Automate niche research with Wikipedia, GPT-4o-mini, and Google Sheets

Created by

Ian Kerins

Last update

Last update 3 days ago

Overview

This n8n template automates the process of researching niche topics. It searches for a topic on Wikipedia, scrapes the relevant page using ScrapeOps, extracts the history or background section, and uses AI to generate a concise summary and timeline.
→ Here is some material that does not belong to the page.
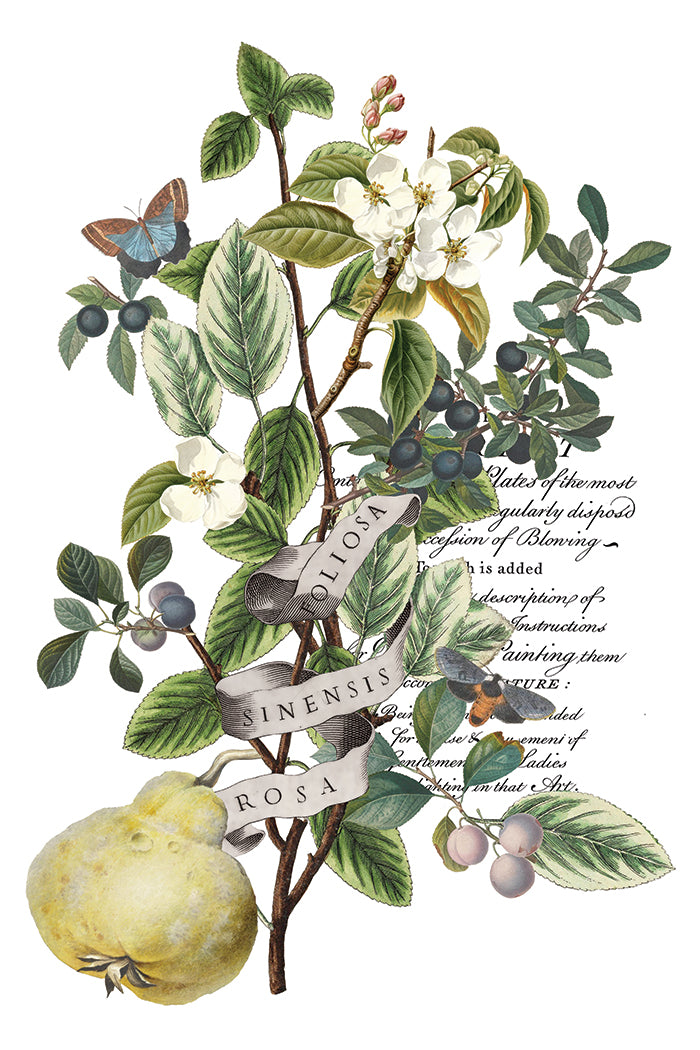 Clementine IOD Transfer 8x12 Pad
The results are automatically saved to Google Sheets for easy content planning.

Who is this for?

Content Creators: Quickly gather background info for videos or articles.
Marketers: Research niche markets and product histories.
Educators/Students: Generate timelines and summaries for study topics.
Researchers: Automate the initial data gathering phase.

What problems it solves

Time Consumption: Manually reading and summarizing Wikipedia pages takes time.
Blocking: Scraping Wikipedia directly can sometimes lead to IP blocks; ScrapeOps handles this.
Unstructured Data: Raw HTML is hard to use; this workflow converts it into a clean, structured format (JSON/CSV).

How it works

Define Topic: You set a keyword in the workflow.
Locate Page: The workflow queries the Wikipedia API to find the correct page URL.
Smart Scraping: It uses the ScrapeOps Proxy API to fetch the page content reliably.
Extraction: A code node intelligently parses the HTML to find "History", "Origins", or "Background" sections.
AI Processing: GPT-4o-mini summarizes the text and extracts key dates for a timeline.
Storage: The structured data is appended to a Google Sheet.

Setup steps (~ 5-10 minutes)

ScrapeOps Account:
- Register for a free API key at ScrapeOps.
- Configure the ScrapeOps Scraper node with your API key.
OpenAI Account:
- Add your OpenAI credentials to the Message a model node.
Google Sheets:
- Create a Google Sheet. You can duplicate this Template Sheet (copy the headers).
- Connect your Google account to the Append row in sheet node and select your new sheet.

Pre-conditions

An active ScrapeOps account.
An OpenAI API key (or another LLM credential).
A Google account for Sheets access.

Disclaimer

This template uses ScrapeOps as a community node. You are responsible for complying with Wikipedia's Terms of Use, robots directives, and applicable laws in your jurisdiction. Scraping targets may change at any time; adjust render/scroll/wait settings and parsers as needed. Use responsibly for legitimate business purposes.